Bra Emma please reconsider your decision. I think she responded likes you too
Hehehe relax and calm down bro.
A small kindness always takes people to greater places and since this is life, please be considerate you never know what tomorrow looks like.
Just have her ride with you
You laboured this far not to be taken for granted . I’m proud of your decision and actions . Stay friends with her —– not with your heart and mind but with your head .
Move on, my brother, because I don’t think you really really like her, otherwise this could be managed.

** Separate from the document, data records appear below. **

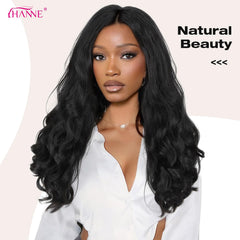 HANNE Yaki Curly V-Parte Peluca textura yaki aporta volumen natural.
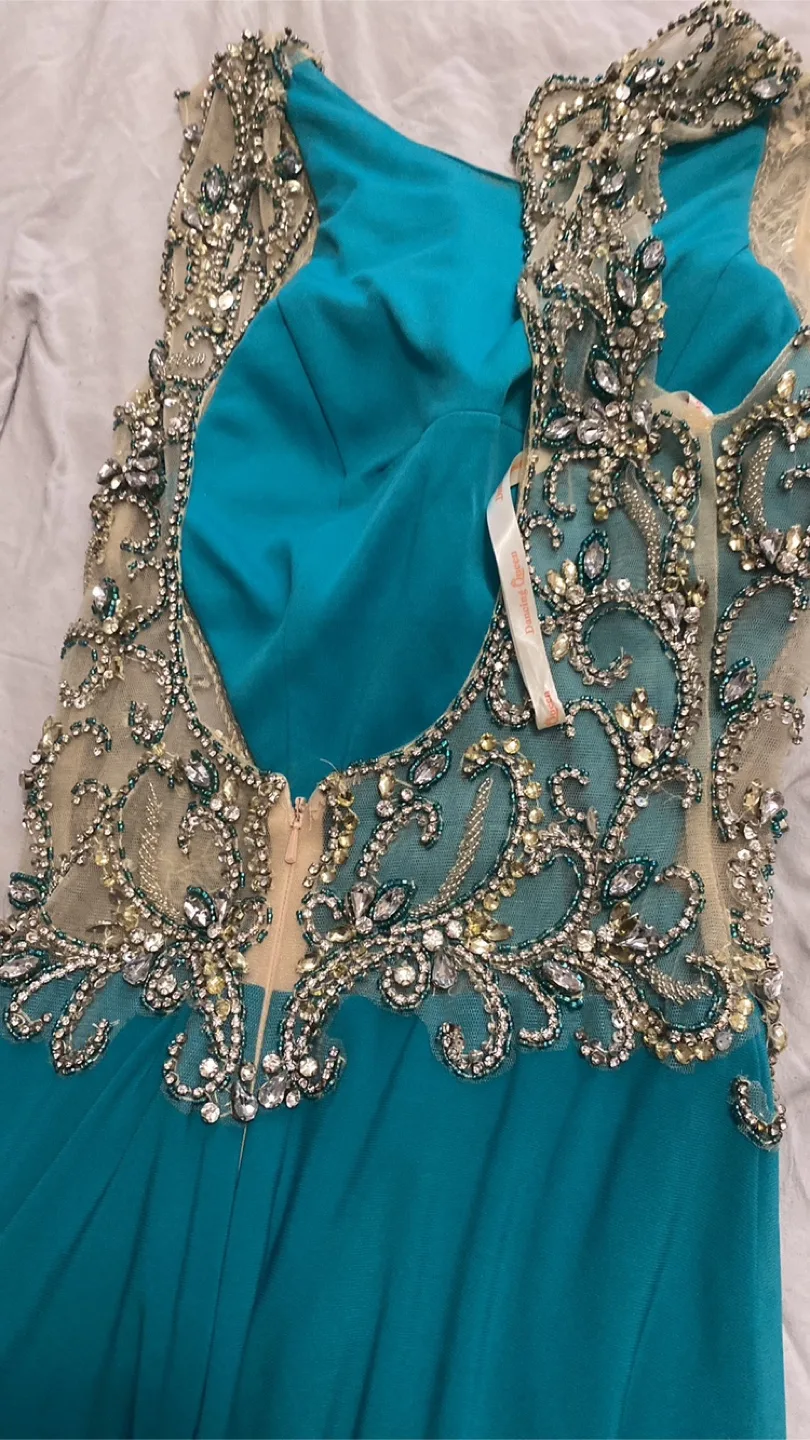 Teal Embellished Prom/Evening Dress thumbnail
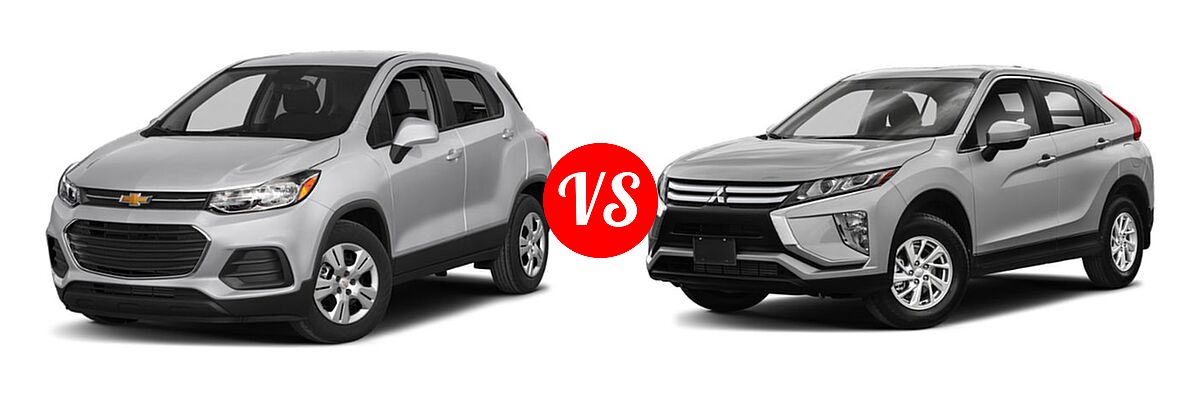 2019 Chevrolet Trax SUV LS vs. 2019 Mitsubishi Eclipse Cross SUV ES / LE / SE / SEL - Front Left Comparison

Please keep being kind okk
Don’t let what she did change who you are. Also if u do start having feelings for her communicate and make some things clear okk. Unfortunately most ladies are still learning that to love a man means respect. So pardon her okk and study her more. All the best
Where do most of these guys(comments)come from. Continue driving her ohk
We will get update of heartbreak soon.
If you weren’t driving, would she consider you. You owning a car and driving her to work for free…. SHE PUT YOU ON PROBATION OOOO
SO IMAGINE NOT HAVING A CAR.
Continue listening to the ninnies here wai
Leave her if you truly want to be done with her. What you’re doing now is like breaking up with someone and being in the space with her and expecting the feelings to go away. It won’t as long as you see each other every morning and evening. Let her go
Let her go, she’s disrespectful
I would suggest you ask her for some time to think things through — this is very necessary. You mentioned that you had an intensive conversation, but did she actually apologize, or did you only notice her reflectiveness and remorse?

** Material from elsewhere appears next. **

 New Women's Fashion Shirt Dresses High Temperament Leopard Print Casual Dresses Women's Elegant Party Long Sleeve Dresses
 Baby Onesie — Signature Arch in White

Society will always share opinions, but how do you truly feel? Are you really a wicked person for wanting to maintain a healthy boundary?
Please have an honest conversation with yourself and don’t let fear of what she might think push you into pleasing her just so you won’t be seen as a bad person.

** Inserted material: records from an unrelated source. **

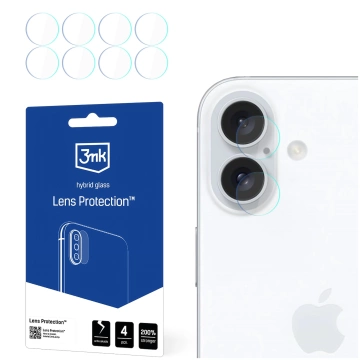 Гібридне скло камери для Apple iPhone 16 Lens Protector 3mk Lens Protection Set 4 шт.
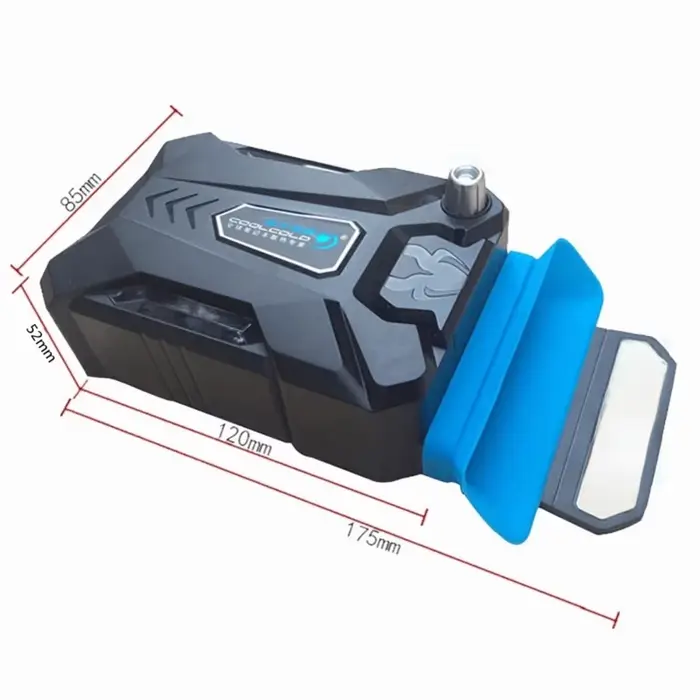 Ventilateur de refroidissement pour ordinateur portable avec contrôle du flux d'air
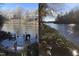 Enjoy year-round water views from this waterfront property with a dock at 111 Fox View Pl, Cary, NC 27511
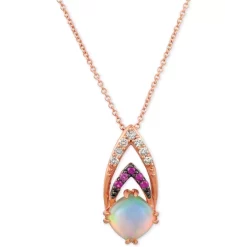 Flash Sale 🌟 Le Vian Neopolitan Opal (3/4 Ct. T.w.), Passion Ruby Accent & Nude Diamonds (1/10 Ct. T.w.) 18 Pendant Necklace In 14k Rose Gold Opal/blueberry Sapphires 🧨 -Le Vian Shop unnamed file 668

Also, have you realized that she prioritized herself by recognizing how your giving her a ride to and from work was saving her stress and money?
Self-Care is not selfishness. It is self-awareness.
Thank you.
I haven’t been in a number of relationships as other may have. But there is one thing that I know, if a woman also likes a man in return, she don’t stress him unnecessarily because she wouldn’t want to do anything to push the man away.
She is already making demands and feeling entitled even before the acceptance of the proposal. That is a RED FLAG you shouldn’t ignore.
She may never repeat this very mistake again but trust but she will definitely repeat it in another way once you get into relationship with her. She is a woman with an entitlement mindset.
Don’t say we didn’t tell you.
As for the ride you continue, but ensure you keep your hand to yourself.
You can take her to work sometimes but find an excuse not to be able to take her back and vice versa.
Let her know that you had your life going on before she came along.